This invention relates, in general, to refining of steel, and more particularly, to an improvement in the basic oxygen process, i.e. a process wherein molten steel contained in a vessel is refined by top blowing oxygen into the melt. More specifically, this invention is directed to a method for increasing the nitrogen content of steels made by the basic oxygen process.
The manufacture of steel by the basic oxygen process, also referred to as the BOP or BOF process, is well known in the art. When low-carbon steel is made by this process, its dissolved nitrogen content is subject to wide variations. Certain grades of steels have specifications requiring a low nitrogen content, and methods have been devised to achieve this, for example, as disclosed by Glassman's U.S. Pat. No. 3,769,000 and Pihlblad's U.S. Pat. No. 3,307,937.
On the other hand, some steels have specifications calling for high nitrogen contents, hence methods of increasing the nitrogen content have also been devised. Many of these methods require a separate nitrogen addition step after completion of the conventional decarburization step. Examples of such methods are shown in U.S. Pat. No. 2,865,736, U.S. Pat. No. 3,402,756, and U.S. Pat. Nos. 3,356,493; 3,322,530; and 3,230,075.

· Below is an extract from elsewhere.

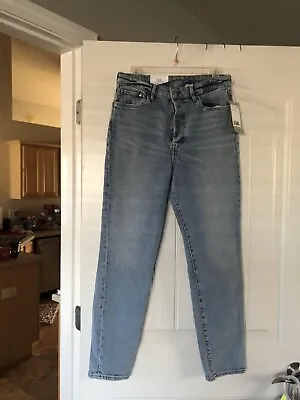 H&M Mom Jeans Women’s Size 8 NWT Ultra High Waist Orig$29.99 Button Fly • $13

U.S. Pat. No. 3,180,726 discloses blowing the melt with pure nitrogen or nitrogen together with an inert gas and adding a stabilizing or fixing element after the blow. This method, however, does not allow the steel maker to adjust the nitrogen content of the steel independently, i.e. without altering the composition of the melt by adding other alloying elements. All of the above methods have the disadvantage of requiring an additional step after oxygen refining, thereby increasing the time required to make each heat of steel. Furthermore, some require the addition of other elements in order to fix the nitrogen in the melt, while others require complex teeming apparatus.
Still another approach used by the prior art has been to increase the nitrogen content of the melt during decarburization. U.S. Pat. No. 3,754,894 shows how the nitrogen content of steels may be increased during decarburization provided, however, that the decarburizing gases and nitrogen are injected from beneath the surface of the bath. This method is not easily combined with the BOF process wherein all gases are injected from above the surface of the melt. If nitrogen gas is merely blown into a basic oxygen vessel from above the bath during conventional decarburization practice, the results will not be reproducible, and the aim nitrogen content will be achieved only fortuitously.
It has not been possible, prior to the present invention, to make steels having high nitrogen contents by the basic oxygen process without performing a separate step after decarburization and/or adding elements to the melt in addition to nitrogen.